__What needs to be done__. Which lines in the data contain the word "wall"? Please copy each of them.

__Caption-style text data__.
____
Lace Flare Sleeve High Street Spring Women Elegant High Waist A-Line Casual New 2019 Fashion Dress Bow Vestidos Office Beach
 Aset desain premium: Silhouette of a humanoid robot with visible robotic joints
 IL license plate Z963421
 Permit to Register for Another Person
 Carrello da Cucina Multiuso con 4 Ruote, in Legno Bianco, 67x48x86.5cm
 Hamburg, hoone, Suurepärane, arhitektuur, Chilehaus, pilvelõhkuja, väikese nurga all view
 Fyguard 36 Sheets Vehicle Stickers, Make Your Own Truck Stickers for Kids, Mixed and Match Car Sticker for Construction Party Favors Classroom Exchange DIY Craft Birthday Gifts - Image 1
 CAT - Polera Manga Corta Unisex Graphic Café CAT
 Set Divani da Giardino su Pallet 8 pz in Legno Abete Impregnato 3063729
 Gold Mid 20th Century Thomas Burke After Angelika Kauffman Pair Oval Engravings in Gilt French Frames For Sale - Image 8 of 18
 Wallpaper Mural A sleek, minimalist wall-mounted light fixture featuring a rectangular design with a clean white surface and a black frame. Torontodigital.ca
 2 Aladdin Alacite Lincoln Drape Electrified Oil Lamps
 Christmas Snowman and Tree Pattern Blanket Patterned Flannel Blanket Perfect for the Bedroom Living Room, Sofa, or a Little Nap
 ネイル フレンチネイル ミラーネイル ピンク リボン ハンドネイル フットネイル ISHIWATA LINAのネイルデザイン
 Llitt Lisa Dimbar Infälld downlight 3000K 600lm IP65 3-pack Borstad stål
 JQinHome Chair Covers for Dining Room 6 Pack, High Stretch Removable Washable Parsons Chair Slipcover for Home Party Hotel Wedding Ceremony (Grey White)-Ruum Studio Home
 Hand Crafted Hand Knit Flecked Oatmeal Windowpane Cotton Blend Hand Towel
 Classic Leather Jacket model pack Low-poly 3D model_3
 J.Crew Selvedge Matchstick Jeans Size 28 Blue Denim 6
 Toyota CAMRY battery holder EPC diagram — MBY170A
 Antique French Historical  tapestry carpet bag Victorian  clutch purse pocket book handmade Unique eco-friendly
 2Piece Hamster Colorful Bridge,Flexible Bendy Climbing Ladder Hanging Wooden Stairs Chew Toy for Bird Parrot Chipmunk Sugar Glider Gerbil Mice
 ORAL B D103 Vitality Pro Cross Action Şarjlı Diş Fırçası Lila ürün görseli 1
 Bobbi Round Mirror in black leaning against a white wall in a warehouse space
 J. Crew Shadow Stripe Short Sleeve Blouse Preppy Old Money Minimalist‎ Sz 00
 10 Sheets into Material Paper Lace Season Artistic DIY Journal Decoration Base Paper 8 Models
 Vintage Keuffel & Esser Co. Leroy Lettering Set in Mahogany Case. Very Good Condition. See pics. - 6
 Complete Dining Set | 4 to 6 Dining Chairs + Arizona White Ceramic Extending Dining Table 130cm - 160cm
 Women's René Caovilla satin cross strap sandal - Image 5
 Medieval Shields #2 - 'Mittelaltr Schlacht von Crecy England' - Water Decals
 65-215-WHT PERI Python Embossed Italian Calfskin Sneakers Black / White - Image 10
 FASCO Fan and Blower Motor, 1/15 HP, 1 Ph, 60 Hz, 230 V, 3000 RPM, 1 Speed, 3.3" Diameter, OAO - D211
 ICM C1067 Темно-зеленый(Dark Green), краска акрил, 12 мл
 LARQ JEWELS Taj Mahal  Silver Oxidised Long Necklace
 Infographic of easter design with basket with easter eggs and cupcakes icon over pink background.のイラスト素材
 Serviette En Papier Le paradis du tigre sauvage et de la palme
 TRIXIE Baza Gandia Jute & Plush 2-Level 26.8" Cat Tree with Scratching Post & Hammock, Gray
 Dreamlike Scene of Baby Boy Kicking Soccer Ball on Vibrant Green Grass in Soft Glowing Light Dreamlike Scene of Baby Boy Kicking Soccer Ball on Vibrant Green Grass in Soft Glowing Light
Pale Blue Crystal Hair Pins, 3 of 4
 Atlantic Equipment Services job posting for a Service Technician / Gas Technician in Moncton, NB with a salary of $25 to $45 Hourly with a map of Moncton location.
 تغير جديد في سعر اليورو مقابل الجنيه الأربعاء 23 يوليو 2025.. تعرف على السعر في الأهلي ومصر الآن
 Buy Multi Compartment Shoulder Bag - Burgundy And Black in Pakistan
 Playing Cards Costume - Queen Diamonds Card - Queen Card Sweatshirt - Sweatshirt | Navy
____
__Response__.
 Wallpaper Mural A sleek, minimalist wall-mounted light fixture featuring a rectangular design with a clean white surface and a black frame. Torontodigital.ca
 Bobbi Round Mirror in black leaning against a white wall in a warehouse space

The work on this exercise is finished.